Search code examples
csvtextmergeterminal

MacOS - Combine multiple text files into one spreadsheet with one file per a column?


Using MacOS terminal, is there away to take a directory of text files and have them all combined into one spreadsheet (either CSV or Numbers format) so:

  • Every file is in a separate column
  • Every line of the txt file is in a separate row.
  • The files are placed in the spreadsheet in alphabetical order (using the first letter of file name of the text file).

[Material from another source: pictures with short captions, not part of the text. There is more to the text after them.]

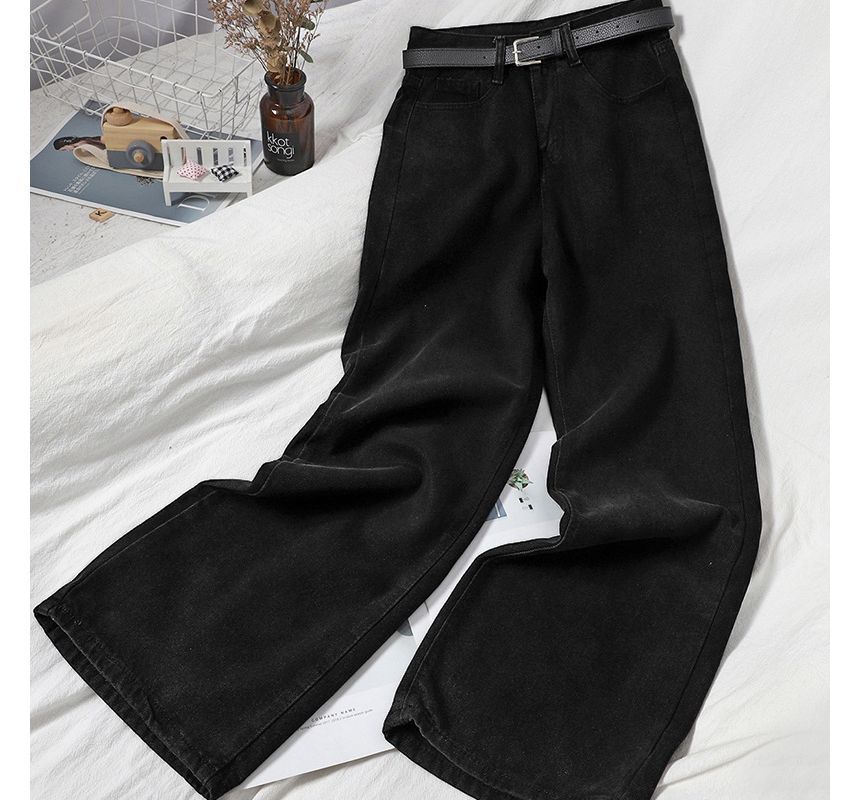 DREE - High Waist Washed Wide Leg Jeans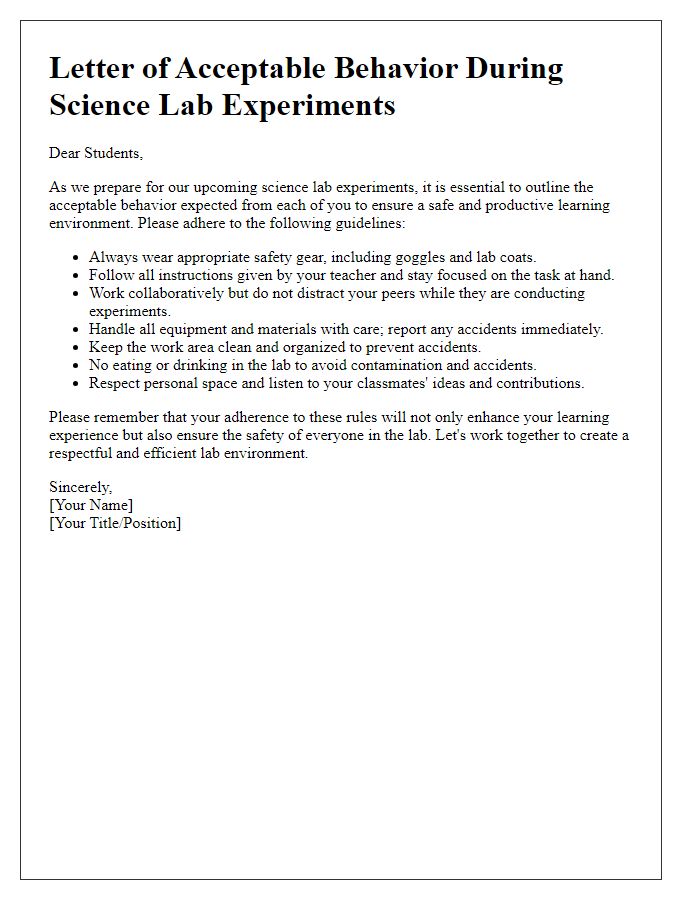 Letter template of acceptable behavior during science lab experiments.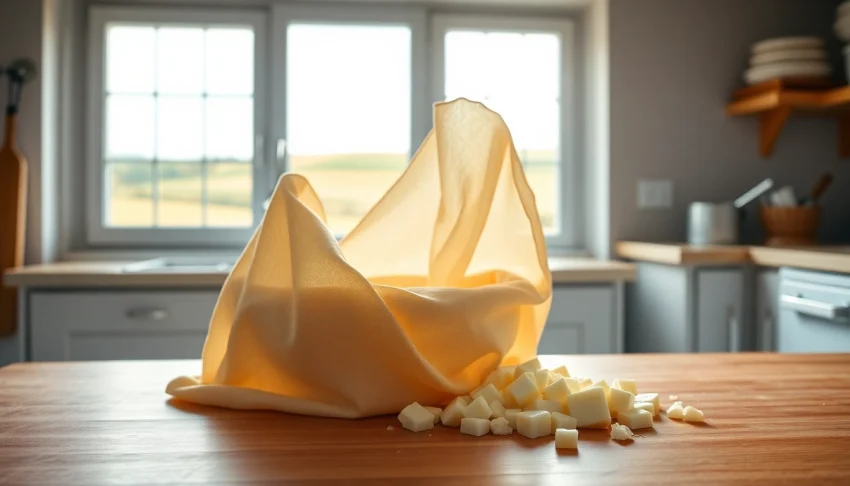 Kaasdoek die wordt gebruikt om verse kaas te maken met helder natuurlijk licht.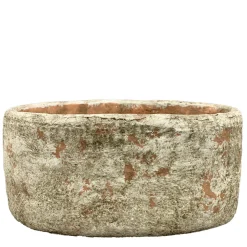 Tonschale Moola oval Shabby Chic, Zementtopf rötlich-braun, 18x9cm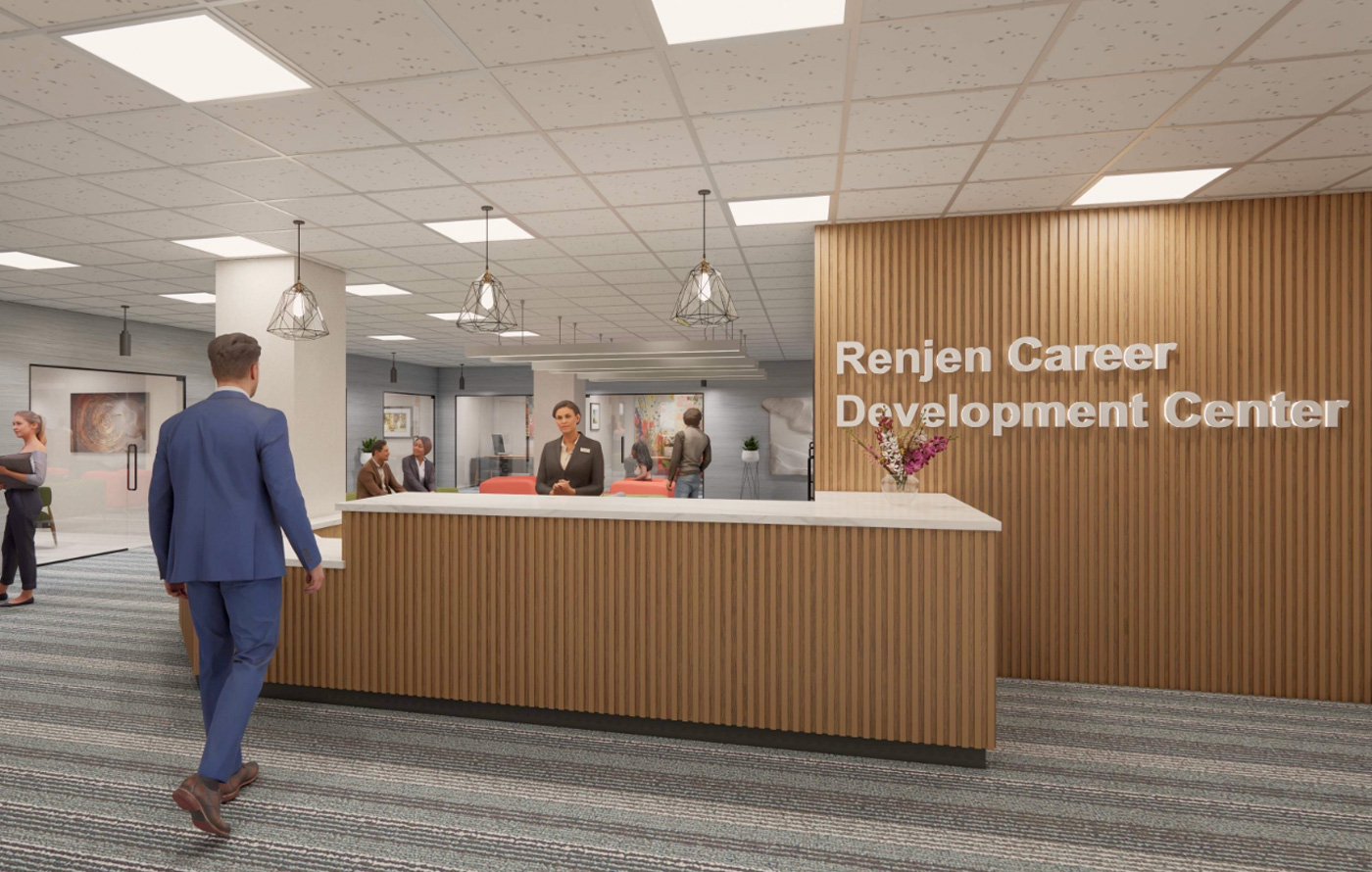 An architectural rendering of the Renjen Career Center interior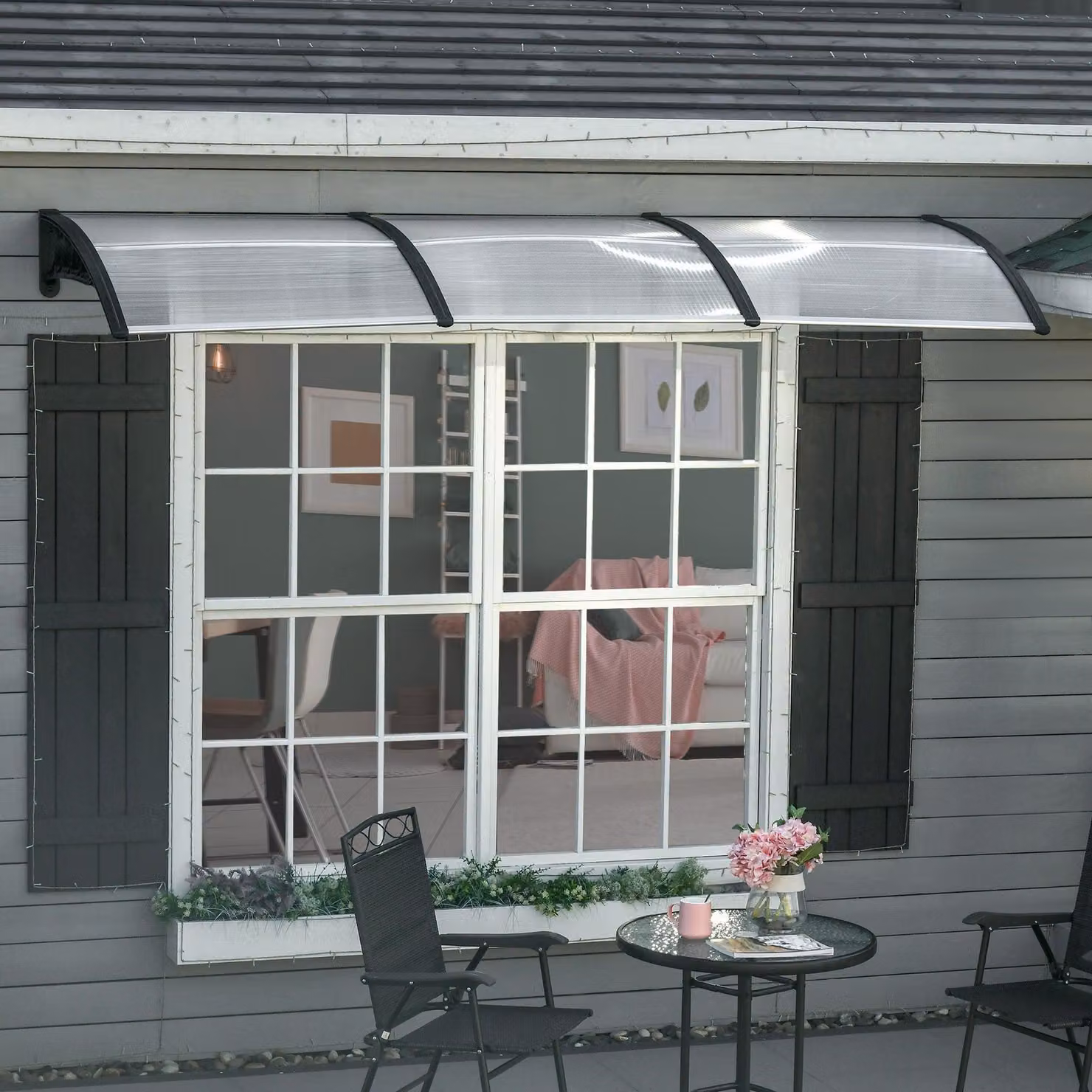 Copertura per ingresso – Tenda da porta – Copertura – Schermatura solare – Tenda – Struttura in alluminio nero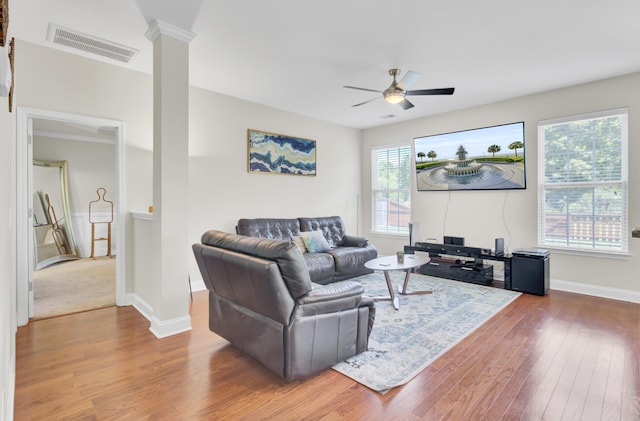 308 Legendres Dr, Goose Creek, SC 29445 - living area with ceiling fan, hardwood / wood-style floors, baseboards, and decorative columns
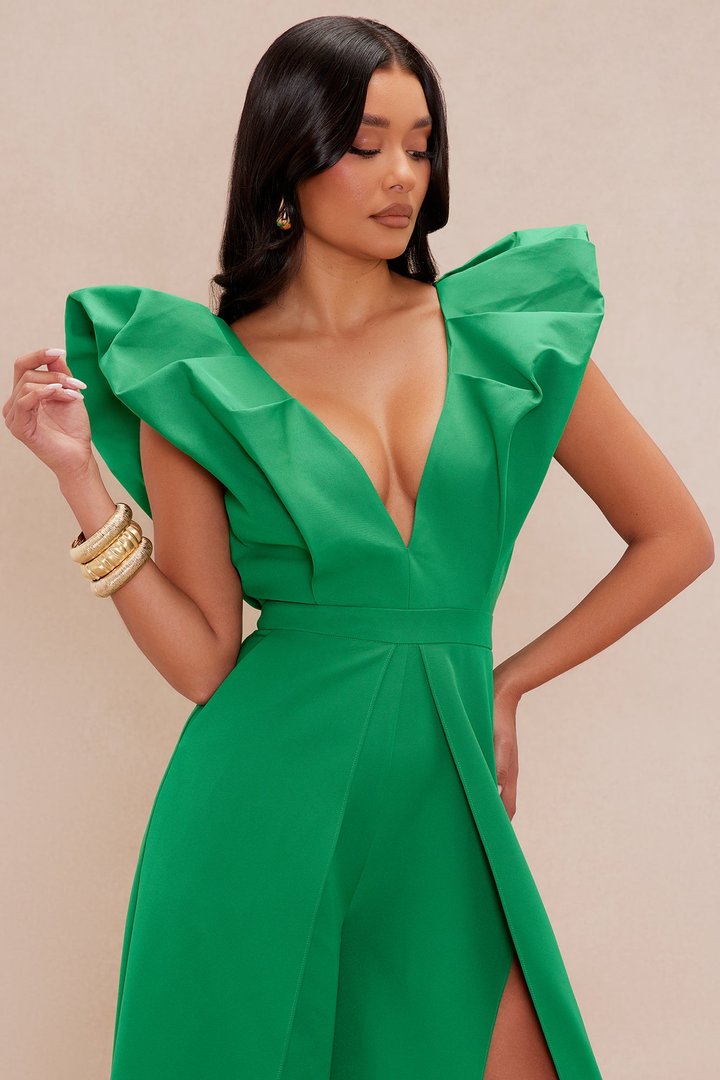 Kelley Wide Leg Jumpsuit - Kelly Green
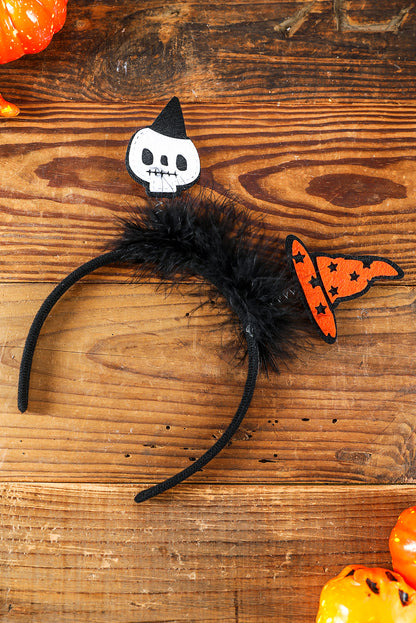 Black Halloween Witch Hat Plush Decor Hairband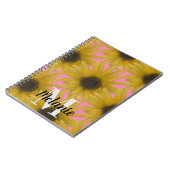 Realistischer Sonnenblumengarten mit individuellem Notizblock (Linke Seite)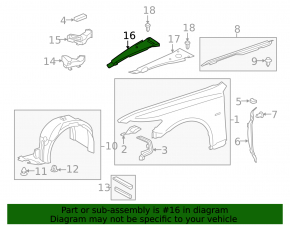 Накладка подкапотная правая Lexus LS460 07-12
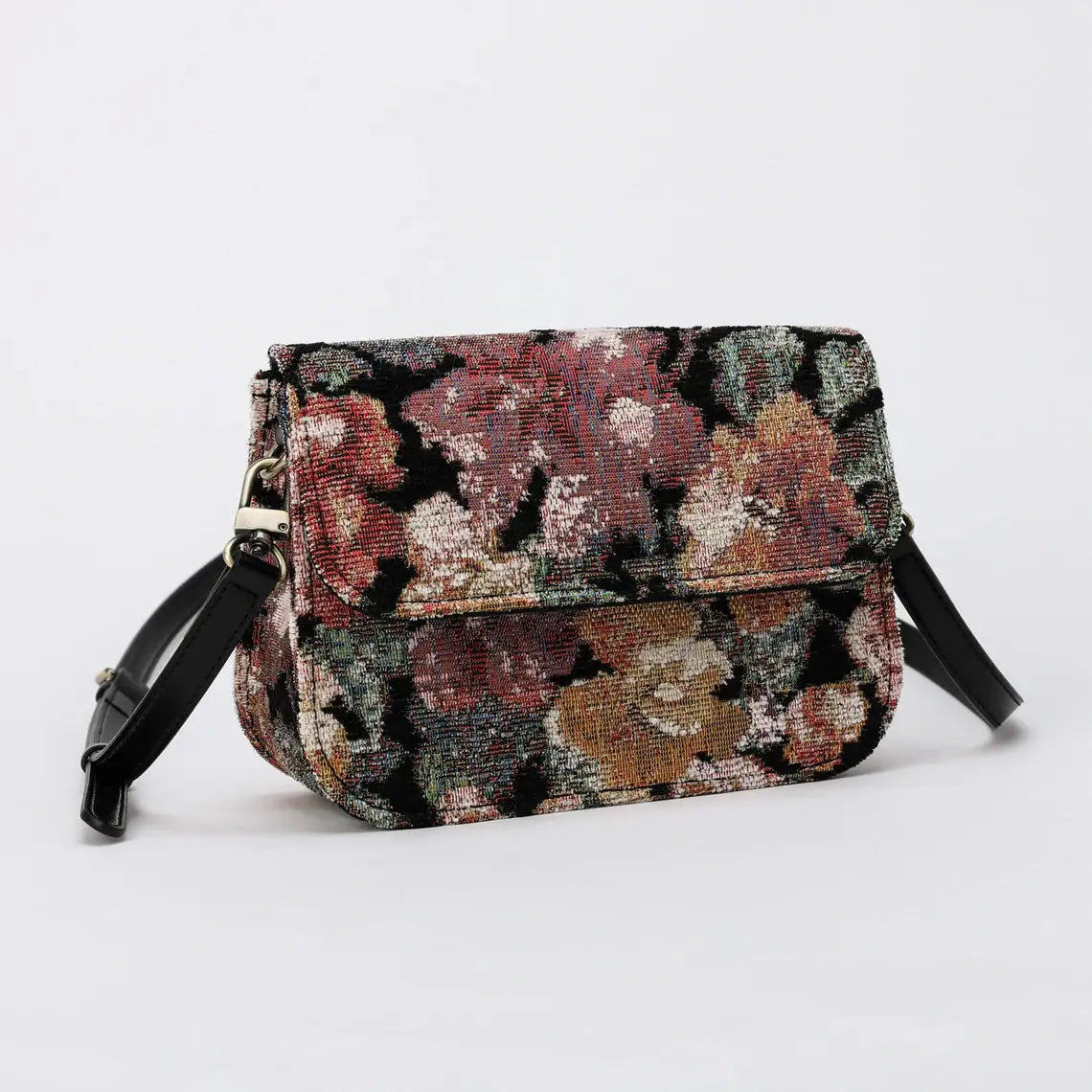 Floral Rose Flap Crossbody Bag carpet bag of America main
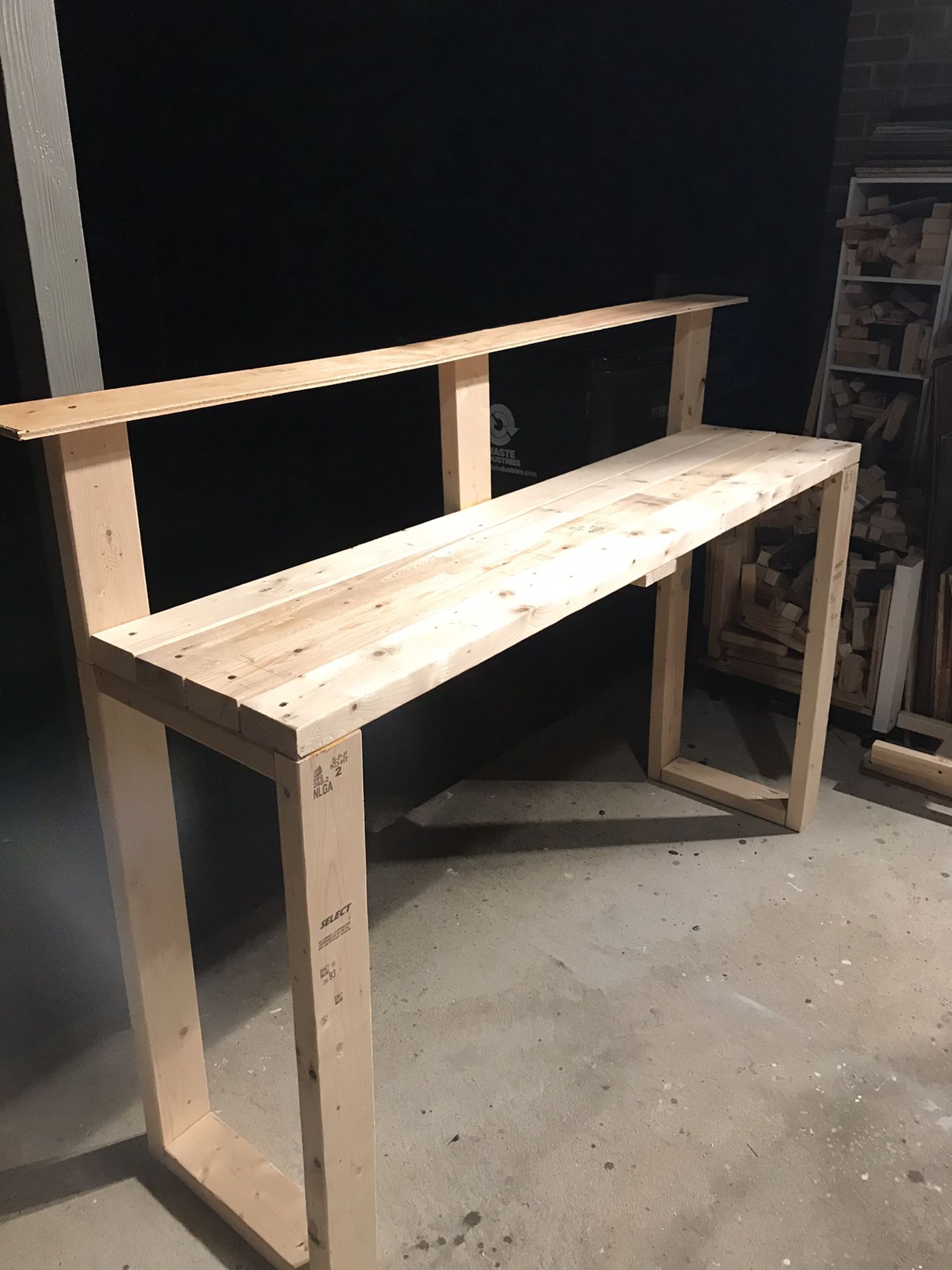 Console table with top shelving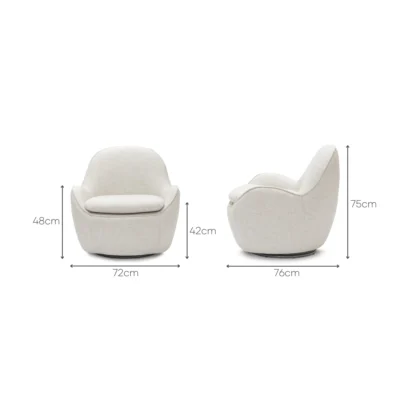 Pod swivel accent chair dimensions 72 x 76 x 75 cm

Example 1: here is how my text files look before combining: Example of text files

Example 2: here is how my text files should look in a spreadsheet after combining: enter image description here

(These examples are a partial extract. I actually have 100s of files to combine).


Steps I have tried:

  1. I searched Stack Overflow for an answer, but all the other questions about this task use Python or Panda. I would prefer a solution that could be done directly from MacOS terminal without needing to install packages like Python or Panda.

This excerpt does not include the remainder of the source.